Dropping every picture, set down exactly the lines in the entries below, starting with the line with "Urban Classics Salopeta" and going on through the line with "Obraz Fishing Boat, Icy Strait,Alaska".

INFORMATION:
********

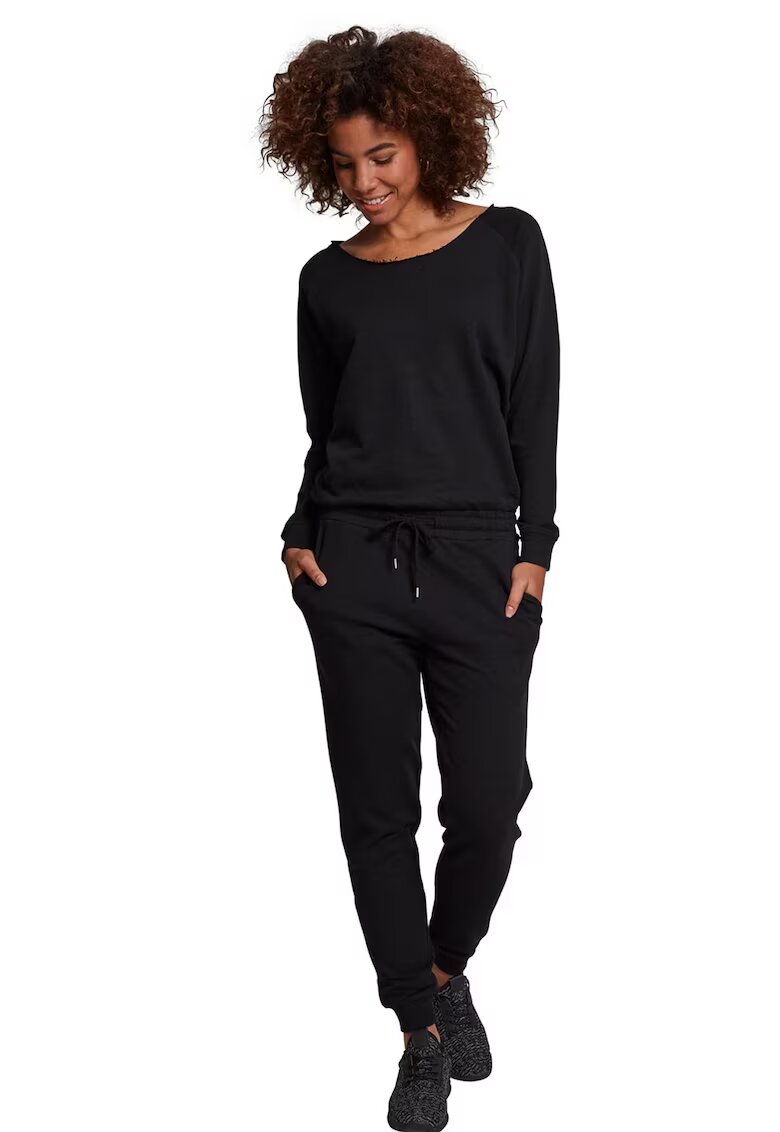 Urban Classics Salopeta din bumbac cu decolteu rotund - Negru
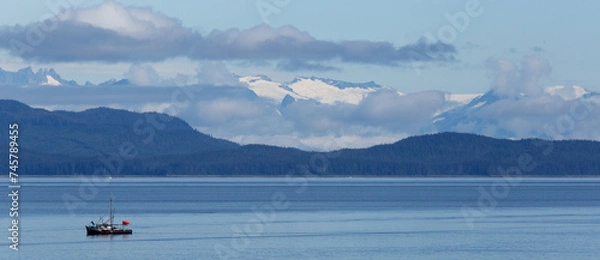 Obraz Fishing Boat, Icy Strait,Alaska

********

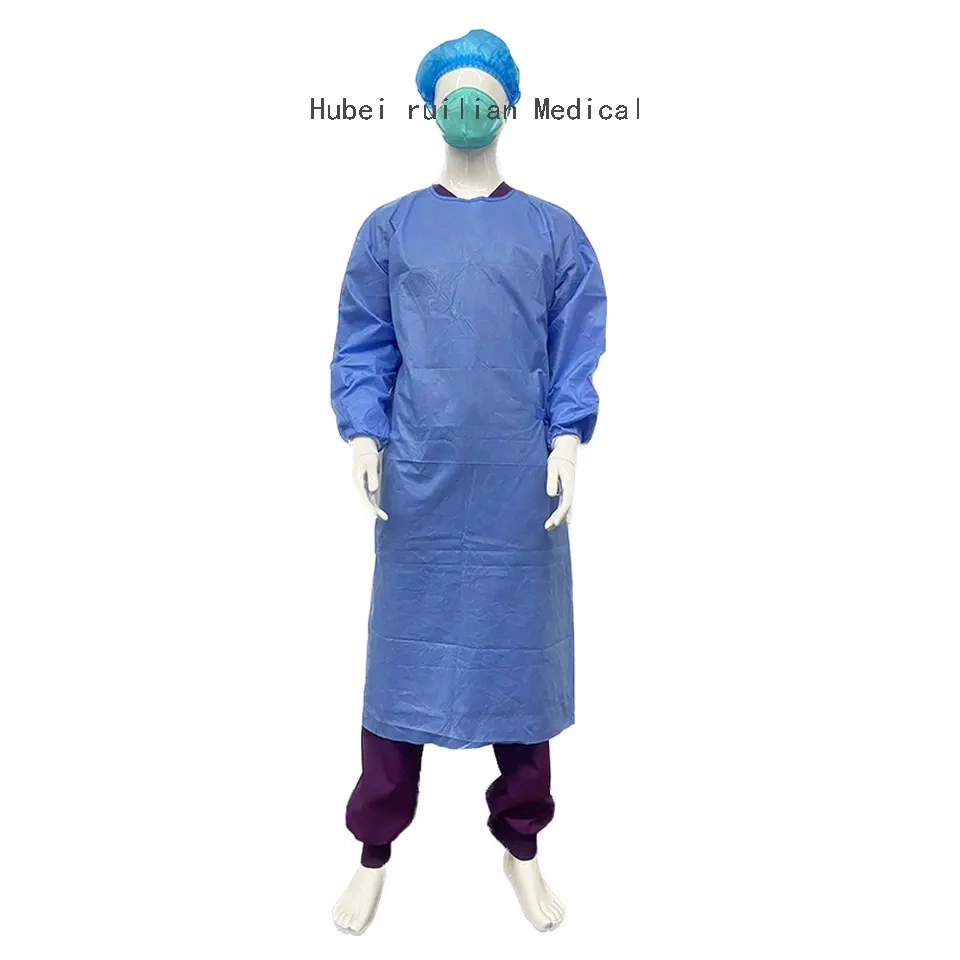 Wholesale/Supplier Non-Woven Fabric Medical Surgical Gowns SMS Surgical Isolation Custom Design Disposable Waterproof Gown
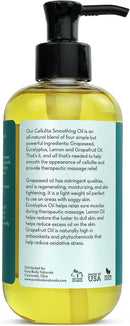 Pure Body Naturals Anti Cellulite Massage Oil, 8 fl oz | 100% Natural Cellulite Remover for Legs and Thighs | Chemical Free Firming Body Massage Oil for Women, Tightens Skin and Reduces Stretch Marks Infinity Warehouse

********

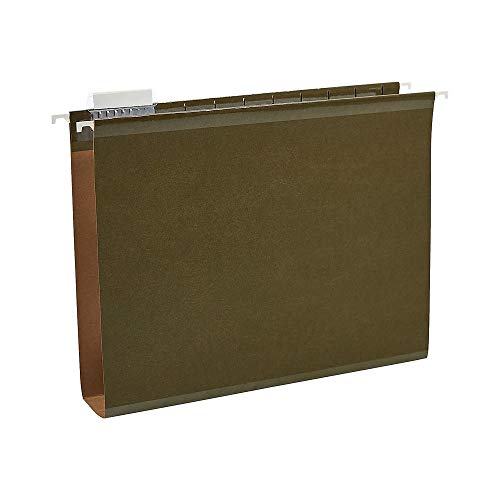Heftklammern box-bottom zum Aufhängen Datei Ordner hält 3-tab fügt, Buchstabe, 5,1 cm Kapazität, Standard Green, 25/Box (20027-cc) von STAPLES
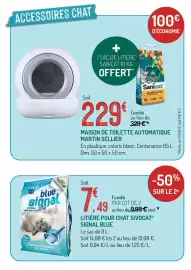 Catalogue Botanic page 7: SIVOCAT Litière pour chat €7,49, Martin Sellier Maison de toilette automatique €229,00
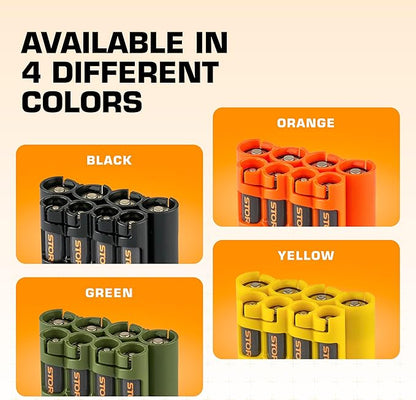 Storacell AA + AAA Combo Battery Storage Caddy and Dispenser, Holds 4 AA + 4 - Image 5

********

RESPONSE AREA:
 Urban Classics Salopeta din bumbac cu decolteu rotund - Negru
 Obraz Fishing Boat, Icy Strait,Alaska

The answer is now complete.